Could India be on the verge of outperforming the rest of Asia? In this exclusive interview with ET Now, Mark Matthews, Head of Investment Research at Julius Baer, shares his outlook on Indian equities, crude oil, AI-driven markets and global capital flows.
Watch as he explains why falling oil prices, a possible rotation away from semiconductor stocks, and attractive valuations could position India as one of Asia’s strongest-performing markets in the coming months.
Matthews also discusses whether the rally in semiconductor stocks is nearing its peak, the outlook for global oil prices, the impact of AI spending on markets and why he believes India’s valuation premium remains justified despite recent market moves.
Matthews identifies lower crude oil prices as a major tailwind for India. He notes that India was disproportionately hurt when oil prices surged, so it stands to gain the most as they decline.

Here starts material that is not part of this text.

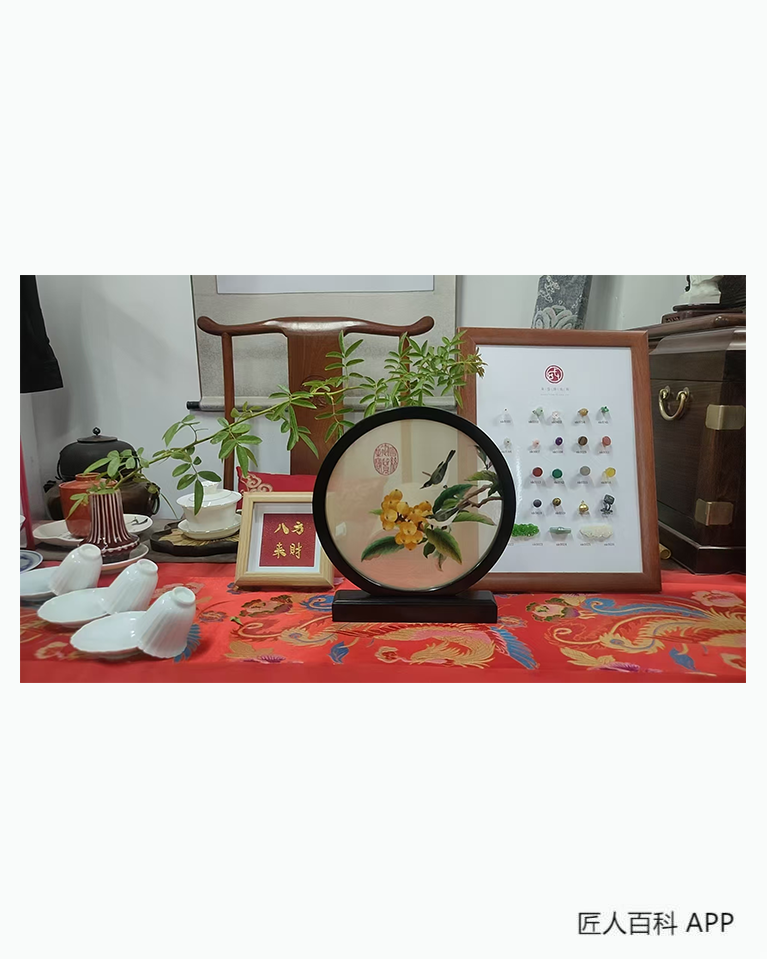 戴军(鲁绣匠人)的作品-戴军鲁绣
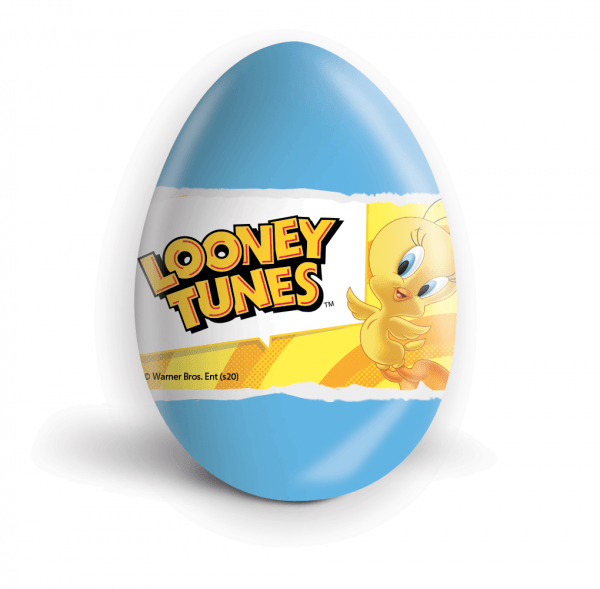 Czekoladowe jajko niespodzianka 3pak 60g Looney Tunes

“The second reason is the rotation we are beginning to see away from memory chip stocks, particularly in South Korea, toward lagging markets in other parts of Asia. This does not exclusively mean India; Hong Kong, for example, has also been a laggard and was used as a funding source for investments into North Asian markets during the first half of the year,” Matthews added.
Rotation from Tech/Semiconductors
There are signs of a market rotation away from memory chip stocks in North Asia (like South Korea) toward laggards like India. Matthews cites evidence of declining AI-related expenditure and high chip costs as indicators that semiconductor stocks have reached a peak.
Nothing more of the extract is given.